* Exercise details
Only one stretch of the data below should be repeated: the lines from the line containing "Pink and Black SFR Street 86" through the line containing "Men's Wool Rich", inclusive, exactly as they are.

Data records Block Start

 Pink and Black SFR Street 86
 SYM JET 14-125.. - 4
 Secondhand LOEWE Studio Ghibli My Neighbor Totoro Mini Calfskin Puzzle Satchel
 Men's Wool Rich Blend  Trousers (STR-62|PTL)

Data records Block End
Data records Block Start

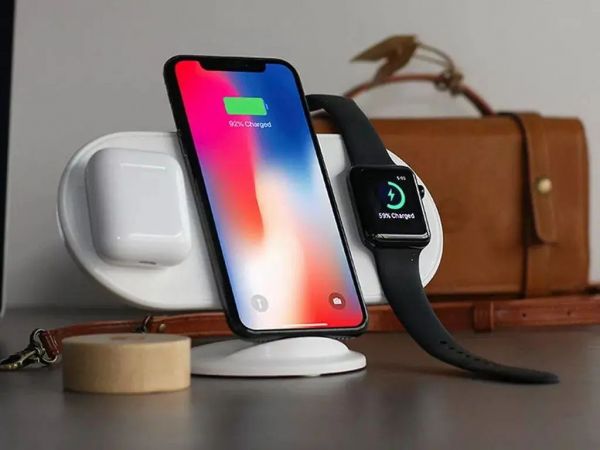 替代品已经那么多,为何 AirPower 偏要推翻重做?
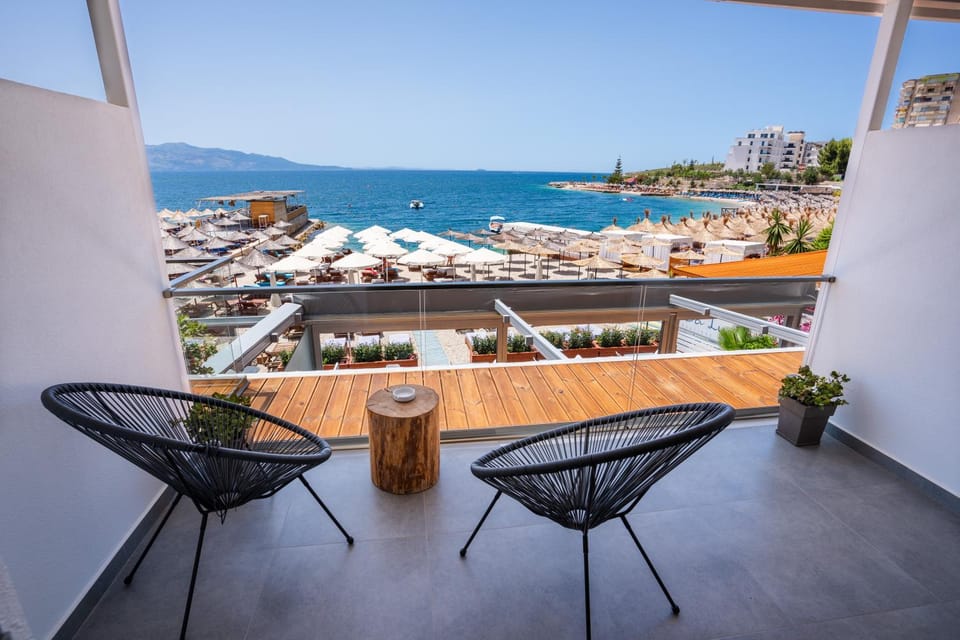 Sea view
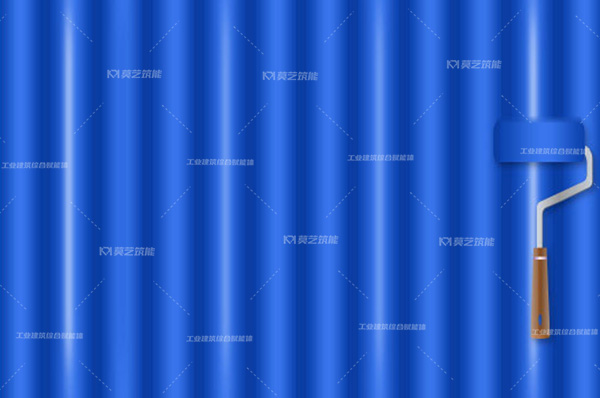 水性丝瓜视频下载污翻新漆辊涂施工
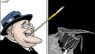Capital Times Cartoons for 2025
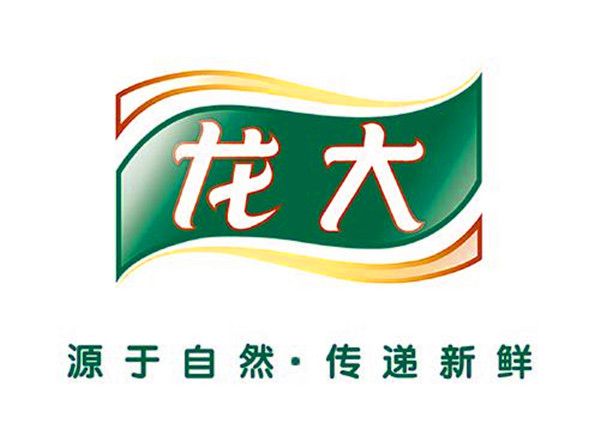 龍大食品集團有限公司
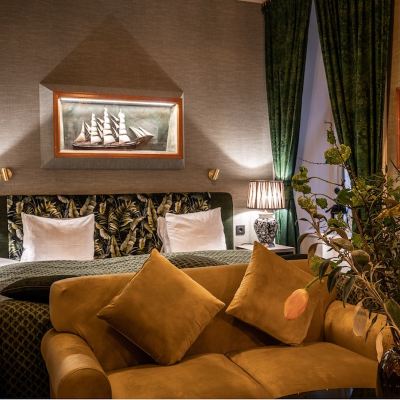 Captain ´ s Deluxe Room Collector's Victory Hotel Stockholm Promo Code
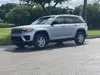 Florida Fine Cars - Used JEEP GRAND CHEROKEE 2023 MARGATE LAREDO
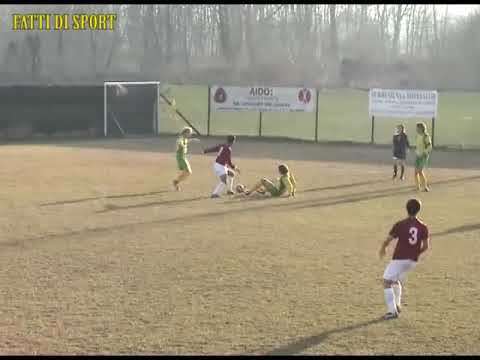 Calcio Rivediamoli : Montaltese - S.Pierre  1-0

Data records Block End
Data records Block Start

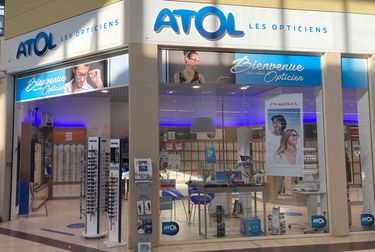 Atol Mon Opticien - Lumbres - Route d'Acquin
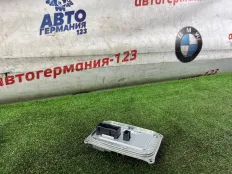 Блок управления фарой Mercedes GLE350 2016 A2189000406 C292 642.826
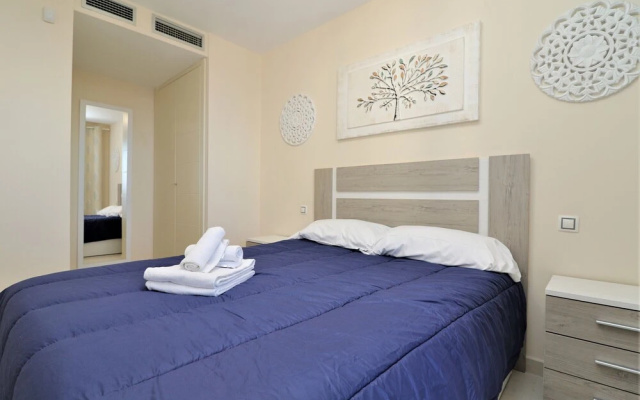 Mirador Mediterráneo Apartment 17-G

Data records Block End

* Worked solution
 Pink and Black SFR Street 86
 SYM JET 14-125.. - 4
 Secondhand LOEWE Studio Ghibli My Neighbor Totoro Mini Calfskin Puzzle Satchel
 Men's Wool Rich Blend  Trousers (STR-62|PTL)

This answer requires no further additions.